Details on the individual elements may be understood properly by
the spirit detailed in the following related description.
[0042] Unless otherwise defined, all technical and scientific terms
used herein have the same meaning as commonly understood by a
person skilled in the art to which the present disclosure pertains.
In general, the terminology used herein is well-known in the art
and commonly used.
[0043] In the case of using a batch fermenter in the microbial
fermentation, fermentation time is long, and thus, several
fermenters should be installed for implementing a continuous
operation, and due to the universal characteristic of fermentation
strains, pentose is consumed after hexose is consumed, in which
there is a difference in each fermentation condition. Further, in
the case of batch fermentation, residual lignin after
saccharification is also contained in the fermenter together, which
inhibits the contact of the strain with sugar to cause long
fermentation time and a high energy cost for agitation.

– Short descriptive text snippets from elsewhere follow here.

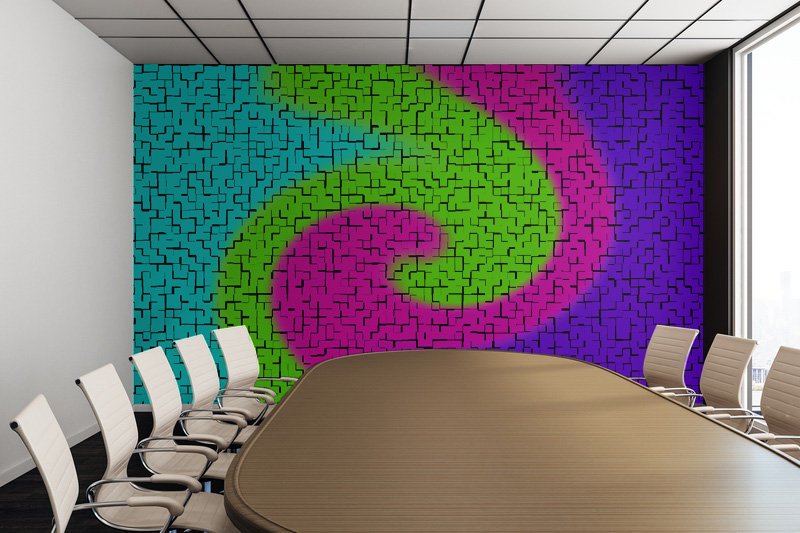 Tile Twirl - Peel and Stick Removable Wallpaper Full Size Wall Mural - PIPAFINEART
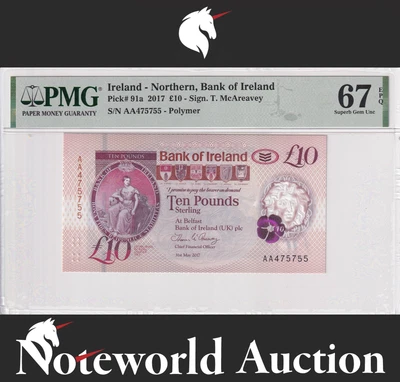 Ireland Northern Bank of Ireland £10 2017 P 91a Polymer Prefix AA UNC PMG 67 EPQ - Image 1 of 4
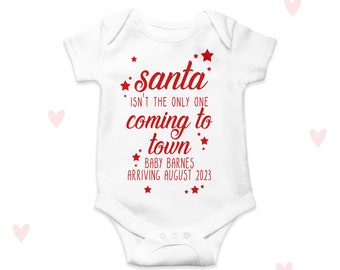 Christmas Baby Announcement Baby Grow Santa Coming to Town Personalised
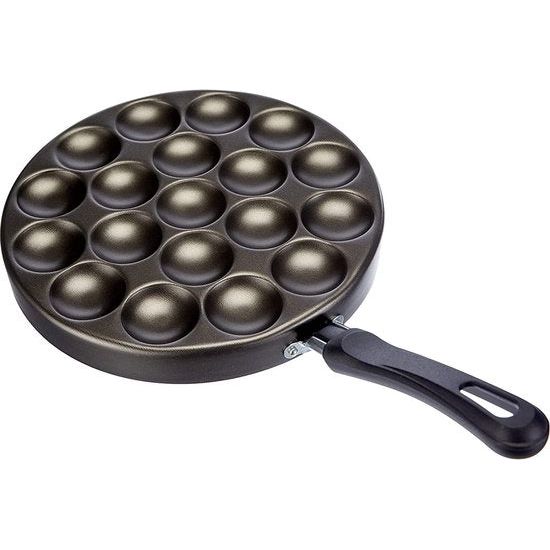 Poffertjes pannenset met recepten, deegfles en houten stokjes, aluminium, breedte 25 cm, 6 losse delen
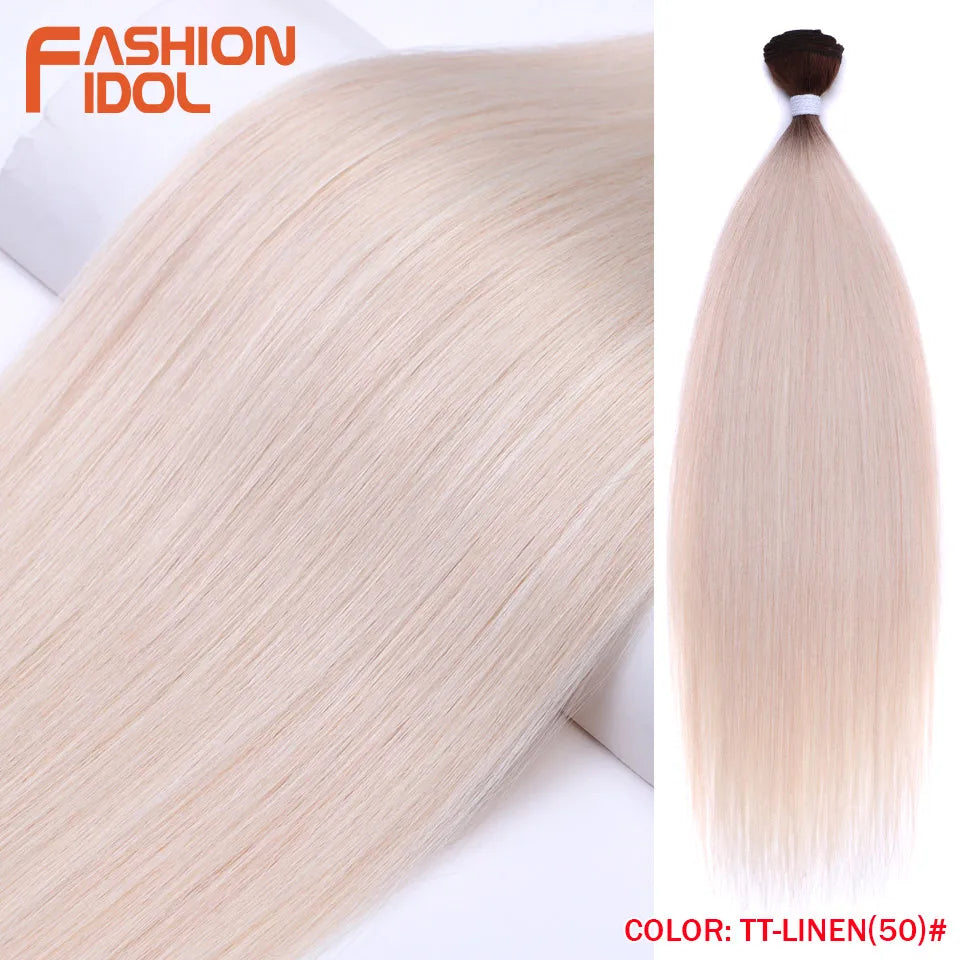 FASHION IDOL Bone Straight Hair Extensions Ombre Blonde Hair Bundles Super Long Hair Synthetic 24 Inch Straight Hair Full to End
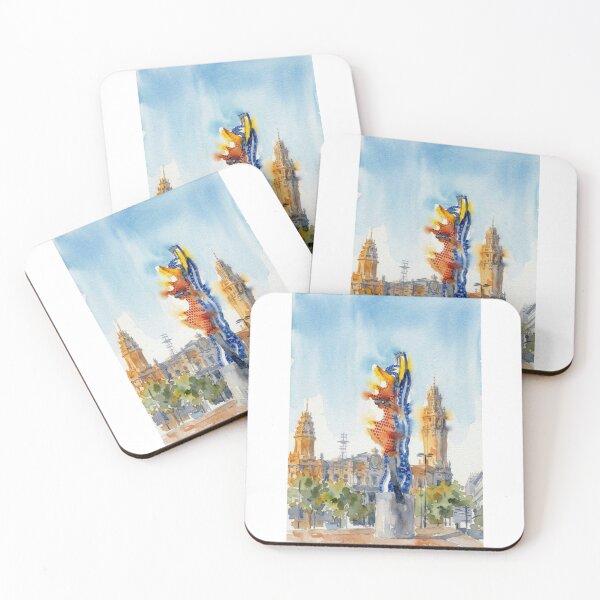 Item preview, Joan Miro Woman and Bird Statue Barcelona Watercolor designed and sold by caracatita75.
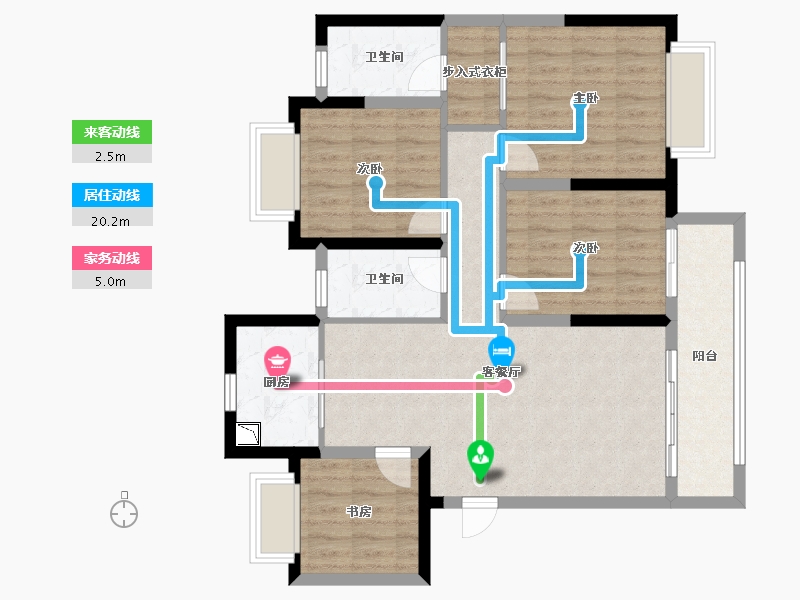 湖南省-长沙市-东原麓印长江-92.85-户型库-动静线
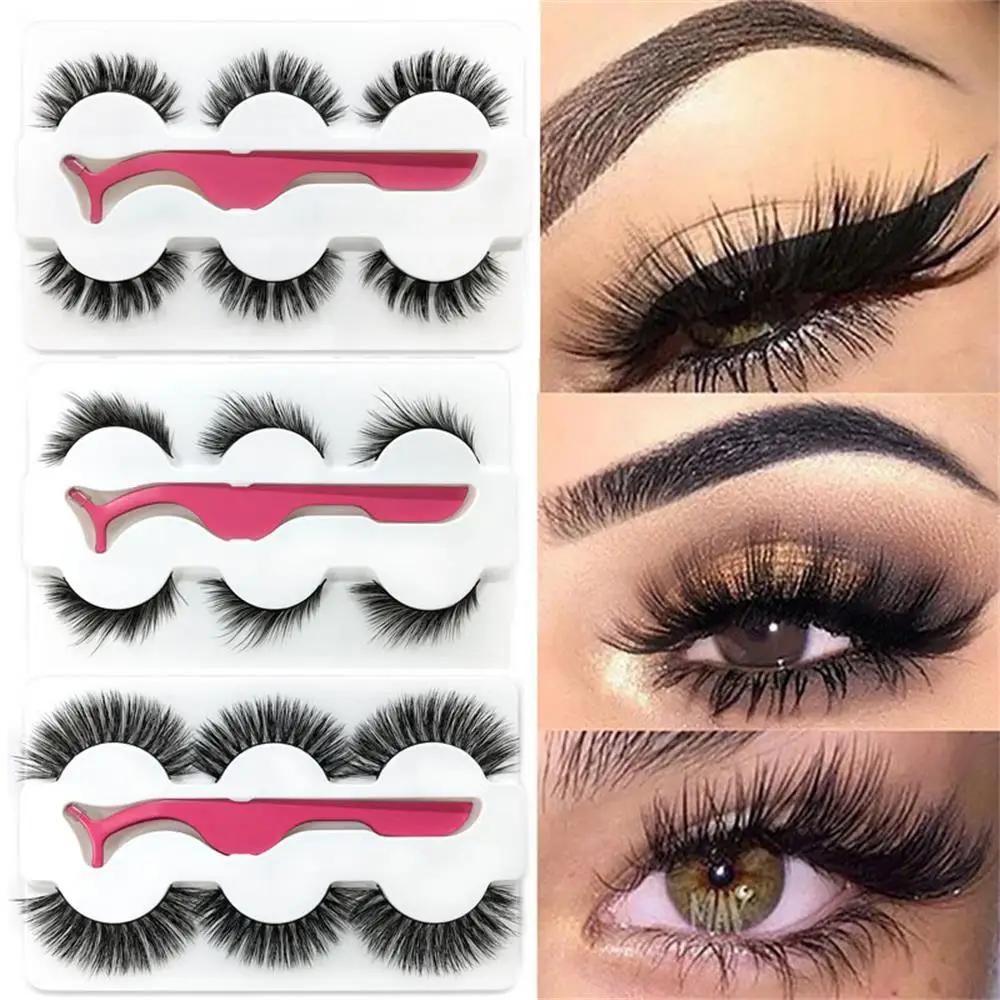 3PairsPopular Style6D100% Mink Fake Eyelashes Makeup Mink Lashes Dramatic Volume Eyelashes Extension False Eyelashes+Tweezers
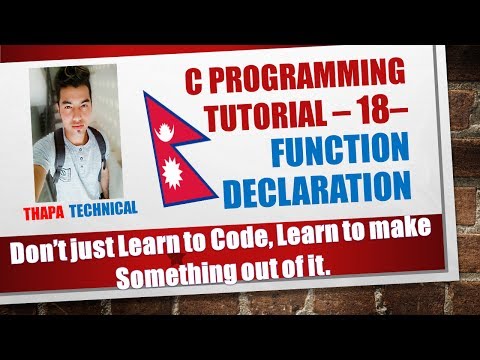 C Programming Tutorial 18 Function Declaration Prototype Nepali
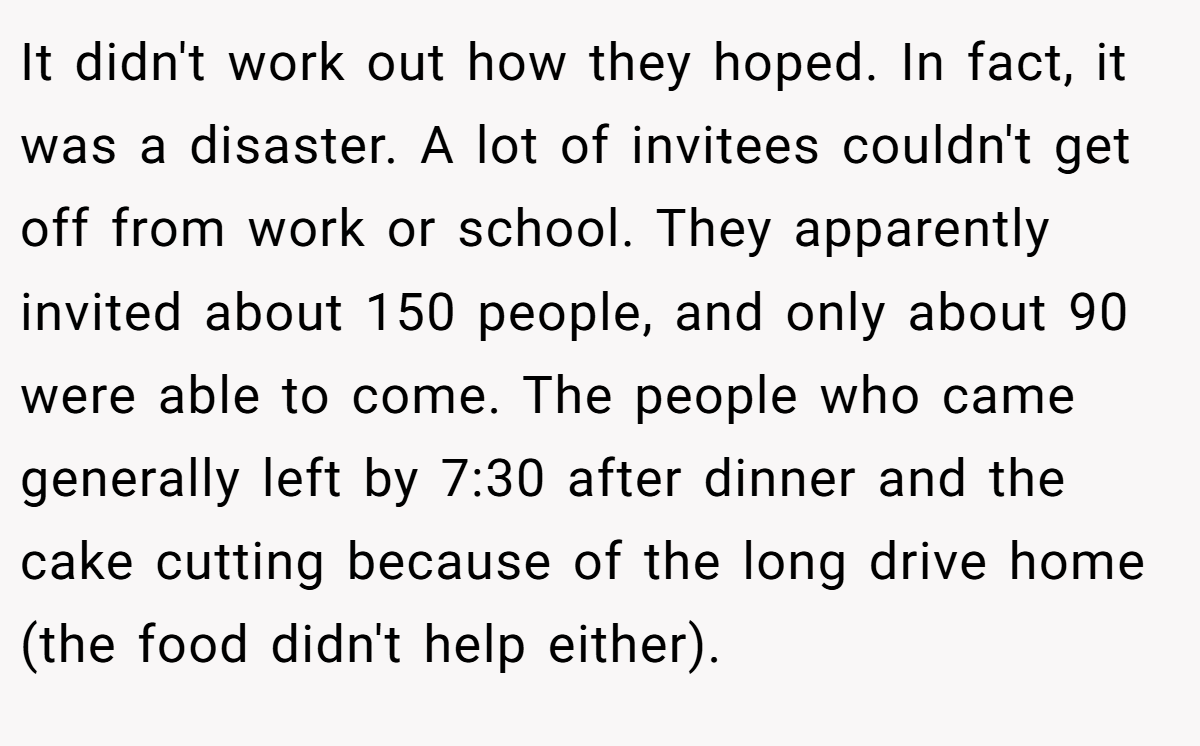 It didn't work out how they hoped. In fact, it was a disaster. A lot of invitees couldn't get off from work or school. They apparently invited about 150 people, and only about 90 were able to come. The people who came generally left by 7:30 after dinner and the cake cutting because of the long drive home (the food didn't help either).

[0044] In the present disclosure, in order to develop a
fermentation system capable of minimizing residual sugars after
fermentation by differentiating the optimal fermentation condition
of strains, through separated fermentation of hexose and pentose, a
fermentation system in which a bottom-up hexose fermenter and a
top-down pentose fermenter are installed separately, and trays
closing at least half of the diameter of the fermenter, as
illustrated in FIG. 1, are disposed within each fermenter has been
developed. As a result of supplying and fermenting a
lignin-containing saccharified solution using the fermentation
system, it was confirmed that the fermentation productivity was
improved.
[0045] Therefore, as an exemplary embodiment of the present
disclosure, a continuous fermenter for sequential fermentation of
hexose and pentose, comprising: (a) a hexose fermenter equipped
with: (i) a supply unit for a saccharified solution containing
hexose, pentose and lignin; (ii) a plurality of trays closing at
least half of a diameter of the hexose fermenter; (iii) impellers
disposed on each of the trays; (iv) an impeller driving unit; (v) a
lignin discharge unit disposed at a bottom of the hexose fermenter;
and (vi) a fermented solution discharge unit; and (vii) a
temperature control jacket; and (b) a pentose fermenter equipped
with: (i) a fermented solution supply unit for supplying a
fermented solution discharged from the hexose fermenter; (ii) a
plurality of trays closing at least half of a diameter of the
pentose fermenter; (iii) impellers disposed on each tray; (iv) an
impeller driving unit; (v) a lignin discharge unit disposed at a
bottom of the pentose fermenter; (vi) a fermented solution
discharge unit; and (vii) a temperature control jacket, is
provided.
[0046] More specifically, in the present disclosure, it is
preferred that the saccharified solution containing hexose, pentose
and lignin is supplied to the bottom of the hexose fermenter, in
which lignin in the saccharified solution sinks to the bottom of
the fermenter so that it is present in a solid state only in the
lower tray, thereby improving the fermentation speed at the top of
the fermenter.
[0047] In the present disclosure, the hexose fermenter is a
bottom-up fermenter, in which a plurality trays closing at least
half of the diameter of the fermenter are installed alternately at
a regular distance, and it is preferred that the number of trays is
10-60, and the distance between the trays is 0.5-1 m, considering
the equipment height in the commercial plant is at most 20-30 m. It
is preferred that the length to diameter ratio (L/D) of the
fermenter is 2 or more, considering that the load of the driving
unit increases with the increase of the diameter of the impeller.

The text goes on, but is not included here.